Yes. Unless there are prohibing health issues.



Dreamer said:


> A woman over the age of 40 is really past her prime in terms of that


Not all. I am making a rough estimation, but 65% remains sexually active.



Dreamer said:


> many women in their 40s feel sexually confident for the first time in their lives


Hmm... This needs a different topic. I will deliberately avoid any comment.



Dreamer said:


> 1. It is so much easier for an older man to marry a younger woman. And that makes common sense. A man can have 3 generations of kids. Men were made to ... procreate. That's just how it is. IMHO. And as I see it. Hear about it. Read about it.


Both, men and women were made to procreate. I think that the mechanism that hosts the child is delicate and thus it requires certain youth to function properly. So, nature "trims" the sex factor in women, slowly from the age of 40. I think that if they get hormones, they can remain sexually active.



Dreamer said:


> 2. How many young men who want children, or more children, would want an older woman?


Appart from the fact of beauty, it's what I said at the above line.



Dreamer said:


> And yes, women marry for money/protection/a father for their children.


Not all.



Dreamer said:


> There are many reasons for marriage... and love isn't always part of the picture...


It should be.



Dreamer said:


> and these are marriages that last a lifetime


It requires two sane people to do that.



Dreamer said:


> I know Hollywood has the whole May/December thing going w/Demi and Susan Sarandon, etc.... but that isn't reality.


A young man with an older woman? No, it can happen. But it has a "date of expiration", I mean a date shorter than the rest. And hapiness is now. Today we have the capacity to spend our lived with more than one mate.

The fantasy "I am going to spend my life with that person" is, in most cases, an utopia generated by enthousiasm. Where love starts, logic ends.



Dreamer said:


> On the other hand, the Donald Trump marriages, and what Aaron Spelling is 80 and how many generations of kids does he have... well, let's see, they always goes for someone younger... and he wants more babies! And yes, they have money. Call me sexist, but in this sense it works out.


Why sexist? Why is it bad to have many generations of kids?



Dreamer said:


> And I know men who have abandoned marriages 2 and 3 times...


What are they supposed to do, if it doesn't work out? If they have children, then it was a mistake, they should have been more careful.



Dreamer said:


> I think it's true, you can't understand marriage until you've been married


You can live with her, at the same house. It's the same thing. You can also get advices by older people. You manage to have a 80% of the family image.

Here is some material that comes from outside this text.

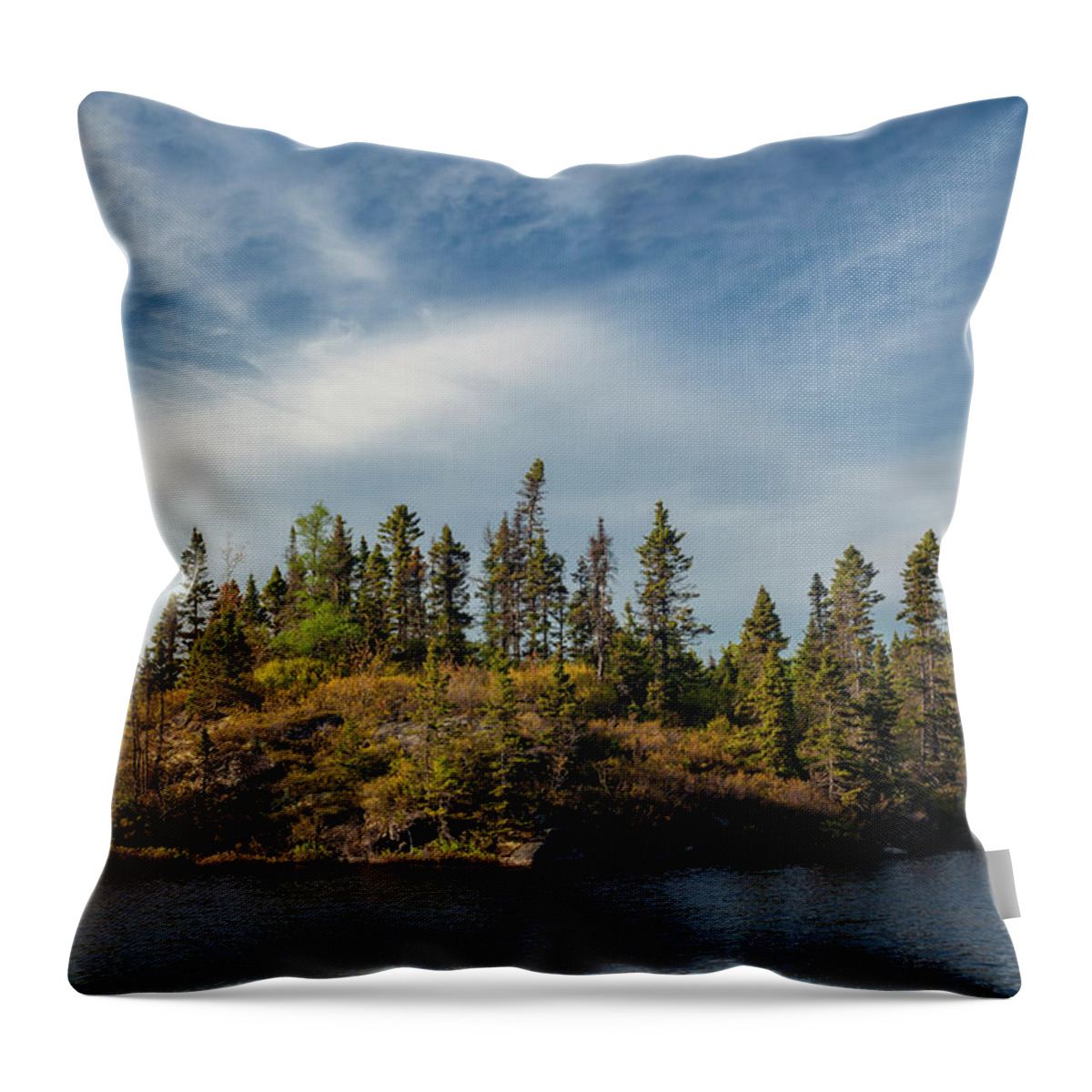 Spring Throw Pillow featuring the photograph Big Cranberry Lake and Island in Spring by Irwin Barrett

And I'm not saying people can't or shouldn't be virgins when they get married ... that works as well, no judgement. It depends on the couple, on COMMUNICATION.



Dreamer said:


> Also, to be honest, I'm glad I'm a woman. I wouldn't want to be a man... well yes I would, for about a year, to see what it's like. It would be an invaluable experience. I imagine it would be darned fun. I think I would "take advantage" of being a man and perhaps be more sexually active... but not promiscuous. Men also don't have to worry about getting pregnant.


You can get to know all our secrets eh?  No, there are no secrets. And you don't need to become a man to understand what's happening. Just try to approach the issue of relationships without the woman preoccupation (everybody is preocupied).

You are right abour pregnancy, but most men wouldn't want to spread children here and there. No, forget "most", I am judging entirely from myself.



Dreamer said:


> But example. I have a dear friend who married when she was 23, a man who was 38, so he is 15 years older than she is. They are both Christian and Church is a critical part of their lives. She had two boyfriends before they married -- one in high school, one in college. I can't say how many girlfriends he had, but he wasn't a virgin, but he is a decent guy, a wonderful man.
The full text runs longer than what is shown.